Very respectfully yours,

MATTHEW SCHOENWALD,
Vice President, I.L.G.W.U.

WAKEFIELD FISHERIES,
Port Wakefield, Alaska, April 28, 1965.

E. L. BARTLETT,

U.S. Senate,

Washington, D.C.

DEAR BOB: I have before me a bulletin of the National Fisheries Institute urging that I write you and other members of the Senate Commerce Committee in opposition to S. 985, Senator Hart's truth in packaging legislation. The NFI does not speak for our company on this matter. In fact, it embarrasses me to be a member of a trade association taking such a backward position.

We pack more consumer-sized packages of crabmeat than any firm in the United States (or anywhere else, for that matter).

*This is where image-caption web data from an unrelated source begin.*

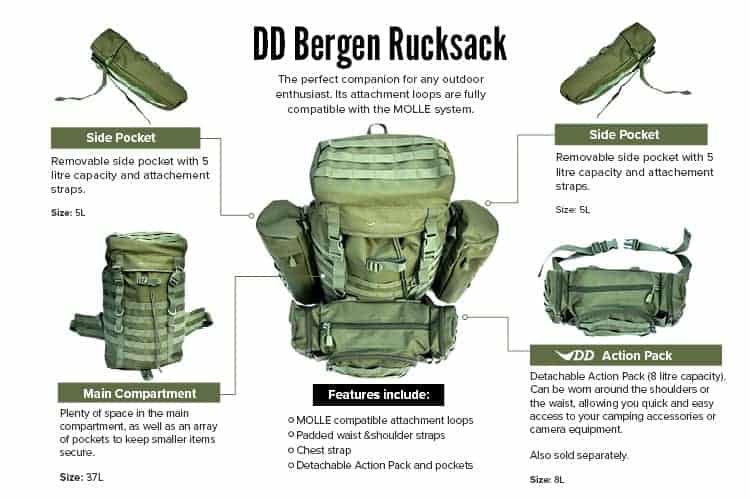 DD Bergen Rucksack (Various Colours) Olive Green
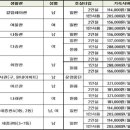 지혜관 화장실 이미지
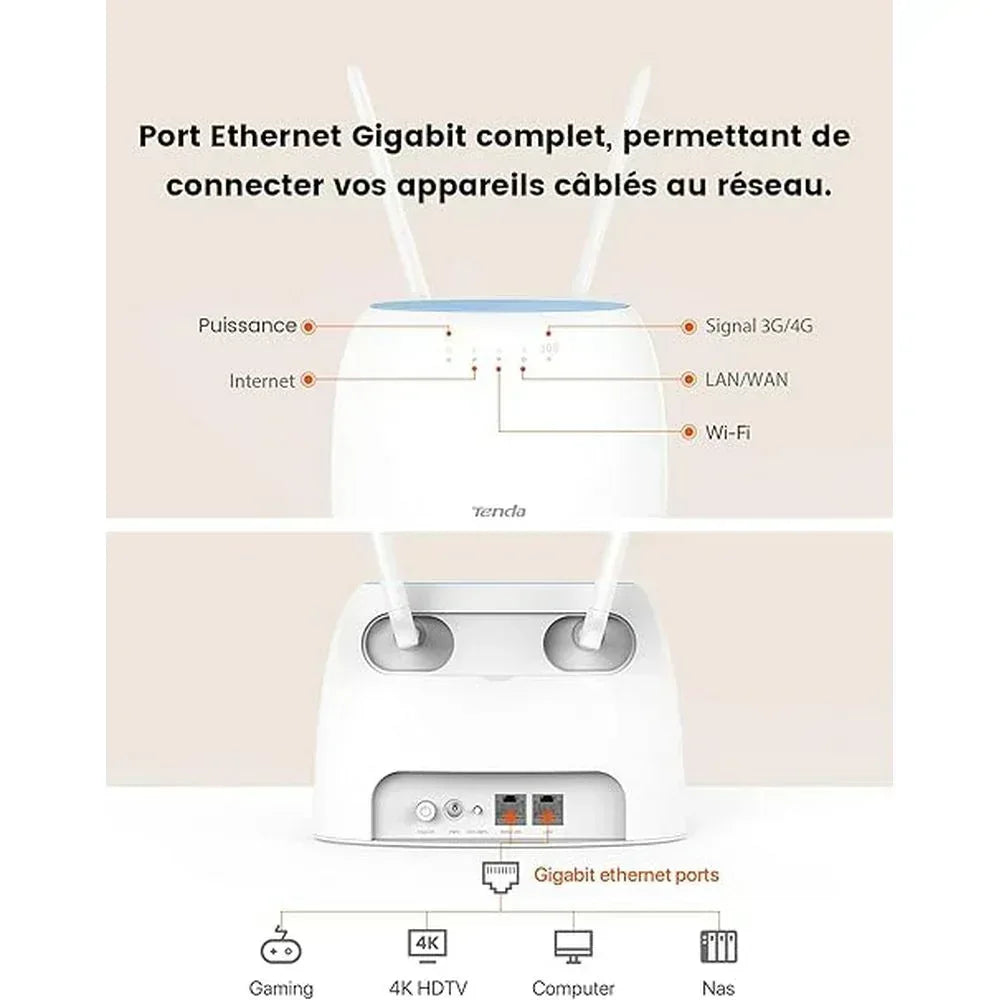 Tenda 4G06 N300 Wi-Fi 4G VoLTE Router Guards On Duty Security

We try our very best to make every package an attractively, but at the same time honestly, presented value to the consumer. We have a strong quality-control department, and we employ the continuous inspection services of the U.S. Department of Interior. There is no food more nourishing, healthful, and tasty than fish and other seafoods. Yet it is not popular with the American consumer, and the average person buys a fish product less than once a month, let alone once a week. It seems to us that any firm interested in correcting this sad state of affairs has everything to gain and nothing to lose from the sort of legislation now before you.

Sincerely,

LOWELL WAKEFIELD, President.

NALLEY'S FINE FOODS,

April 9, 1965.

Hon. WARREN G. MAGNUSON,

Chairman, Senate Commerce Committee,
Washington, D.C.

DEAR SENATOR: As chairman of the Senate Commerce Committee, you will certainly play a big part in determining whether Senator Hart's bill (S. 985) is passed by the Senate or dies in committee as it did last year.

We urge your careful consideration of these facts:

1. Virtually every "evil" with which Senator Hart is concerned is covered by antitrust laws or by pure food and drug laws.

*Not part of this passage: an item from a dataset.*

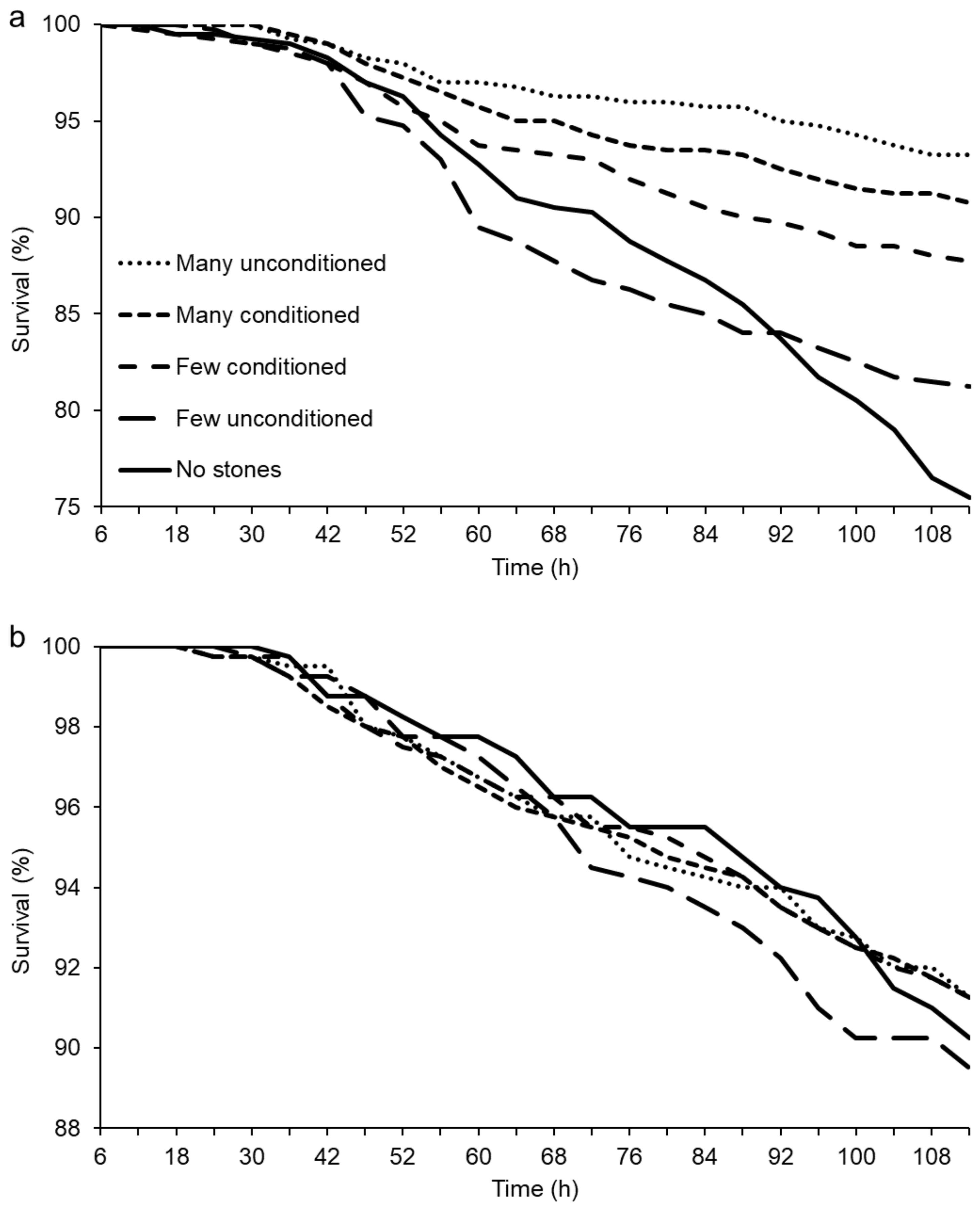Antibiotics 10 00335 g001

2. Enforcement of existing laws will mean more to the consumer than enactment of new legislation based on a somewhat idyllic interpretation of what is. thought to be needed. How can anyone say we need additional legislation of this type when we aren't enforcing laws already in the books?

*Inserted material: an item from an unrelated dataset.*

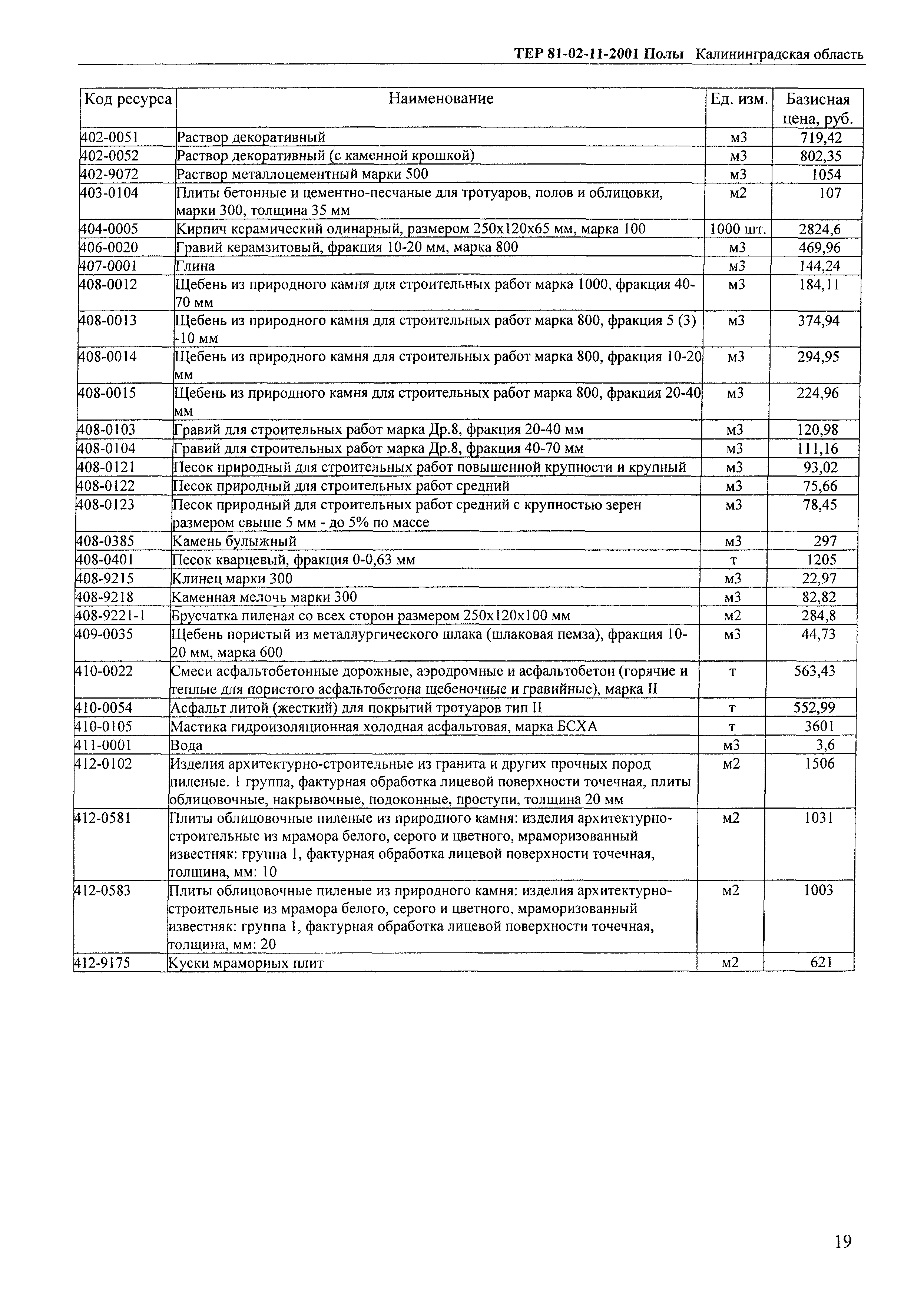 ТЕР Калининградская область 2001-11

3. Business needs no additional Government agency restrictions on its packaging and marketing methods. There are plenty now.

4. Business would welcome with open arms legislation which made it easier to do the job of production and marketing rather than more difficult-legislation designed to help lower the cost to the consumer rather than raise it.

5. Without exception the consumer soon eliminates from the scene any item which is deceptively packaged. For that matter, the consumer soon eliminates any company which uses a fraudulent approach of any kind.

Your usual careful consideration of the facts will convince you, I am sure, that this bill (S. 985) is not needed.

Sincerely,

GEORGE H. HUTCHINGS.

DIAMOND FRUIT GROWERS, INC.,
Hood River, Oreg., April 7, 1965.

Hon. WARREN G. MAGNUSON,

U.S. Senate,

Washington, D.C.

DEAR SENATOR MAGNUSON: We represent 300 fruitgrowers in the Hood River Valley. We pack, process and market members' fruit production both in the fresh and processed form. We are seriously disturbed by the provisions of the Hart bill as we understand them.

All our fruit and fruit products are packed in standard containers and labeled according to Government rules and regulations. We have had no complaints from our customers regarding our packaging and labeling practices.